The aid smiled and led her to the elevator.

“Here, Charlotte, let me wrap your scarf about your neck. You’ll need to hold it over your face. You can get a cab at the landing with no wait. At least I hope you can. Do you have your money handy, just inside your purse?”

“Yes, and thanks. Good-bye, Vera. You’ve taken good care of me. I’ll never forget you.”

She had grown quite fond of Vera over the months. She smelled of lavender and her hands were warm. Always warm like they had been wrapped in a flannel blanket. Charlotte could feel them on her neck and the edge of her face as Vera wrapped the scarf around her.
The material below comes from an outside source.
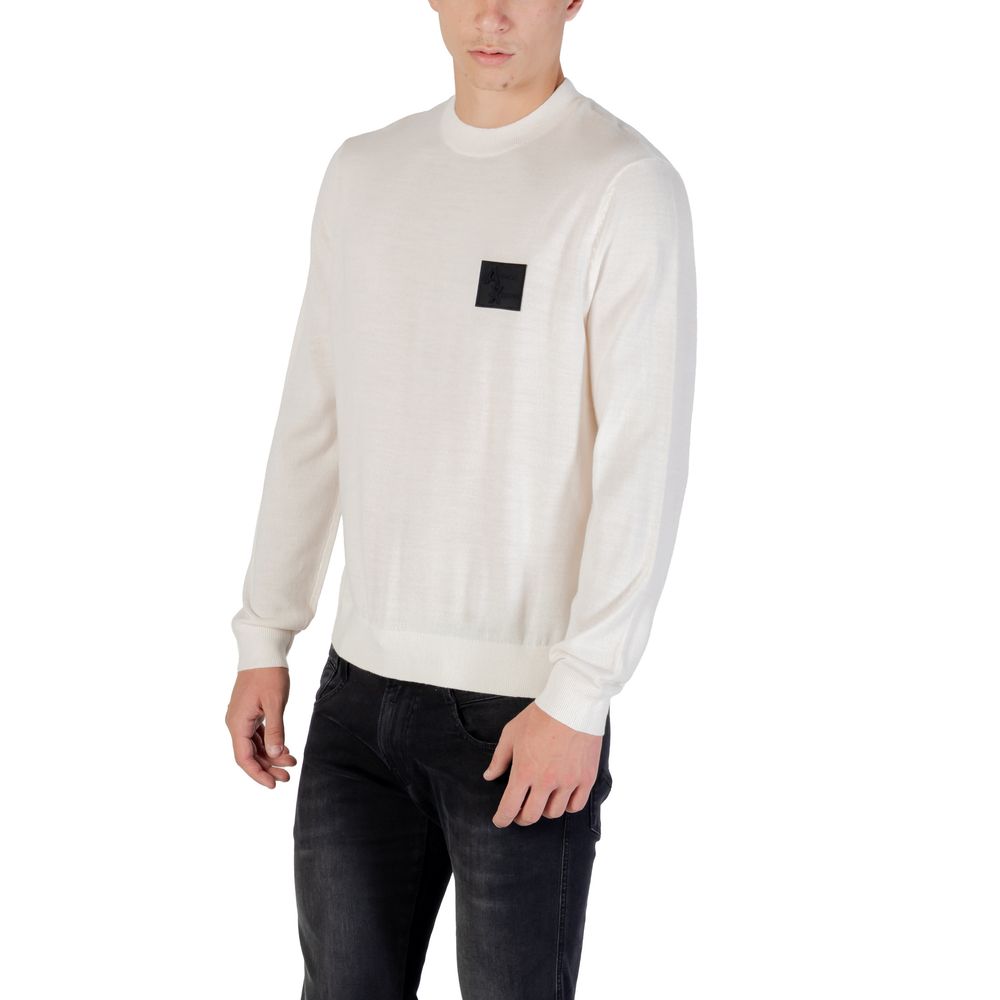 Armani Exchange White Marabou Sweatshirt Armani Exchange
They had enjoyed the camaraderie that only those of their profession could understand. For heaven sakes, Charlotte was not a lunatic. She had experienced a nervous breakdown.

But maybe she was getting this same speech Vera gives everybody. Come to think about it, it was no relationship at all. It was like the snow... harsh and cold and temporary. Snow melts. Any camaraderie she may have had with Vera was melting... going away. She would soon be a part of the misty past that was easily forgotten. Another moment when Charlotte would deprive herself of real friendship and stability.
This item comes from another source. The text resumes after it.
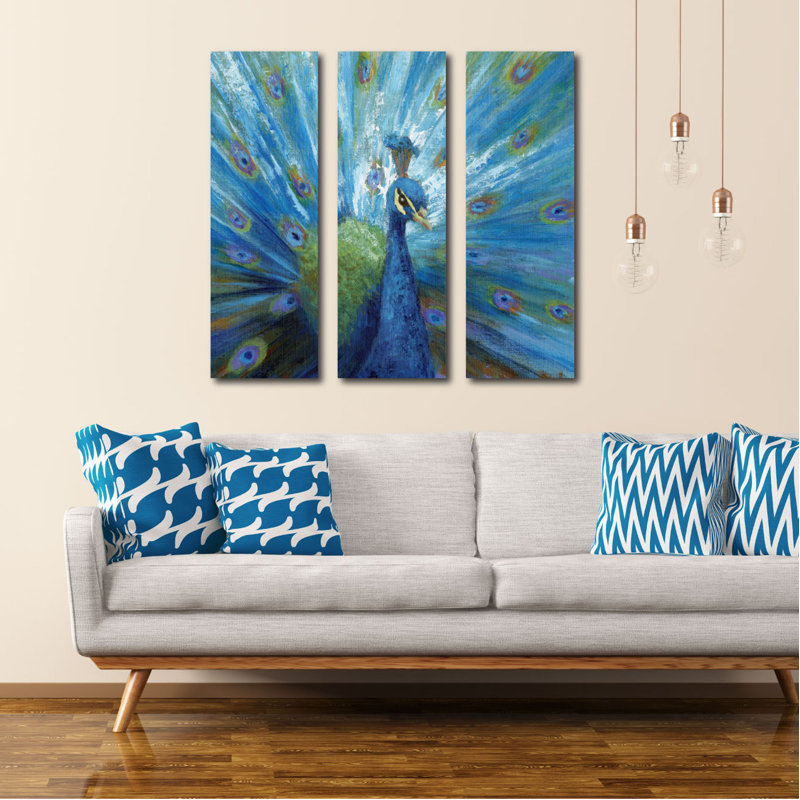 « peacock », impression multi-pièces sur toile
She waved to Vera, praying she would never pass this way again, walked out into the street into the driven snow, and hailed a cab to the train station.

Atlanta, Georgia.

There would be no snow in Atlanta.

I've known many Charlottes in my life who have
fallen hard and cold on the unforgiving ground. 
That same ground that will, in the spring, push 
forth flowers alive and beautiful, reaching upward. 
I've wondered if Charlotte, before her death, found
love in her life. Not an erotic relationship that
turns bitter and dark but a love full of color and life.
God promises us life and then... a more abundant life. 
I can only hope that Charlotte was able to see that love
doesn't begin with loving another person and it 
doesn't begin with loving yourself. It begins with
loving God, because He is love and without him
everything is vanity and vexation.

To be honest, I know what Charlotte did with the rest
of her life, that is, until the letters ended. I read enough
of them to arrive at a conclusion. What I read was
poignant... but not good. She was caught in a trap.
A vice of her own making. She was the picture
of a woman with outward beauty who, during and after
the War years, had the ability to entangle a man
and keep him on a string until she found the "perfect"
one for herself.

The rest of the story is yours.
Draw your own conclusions.
What did Charlotte do? 
What advise would you have given? 
What is usually the end result of deceit and immoral behavior? 
Is there a cure? 
A release?
And is there really a Balm in Gilead?
I would love to know your thoughts. 
And not just women thoughts, please!


  1. First let me say that I love snow. Love it! But I love that you used snow to show her cold lack of direction. Being a person who is praying for God to teach me to love others 'through' Him, I'm sad for Charlotte. I've been that person and I never want to be that person again.
    Great post. I'd love to see more like this one.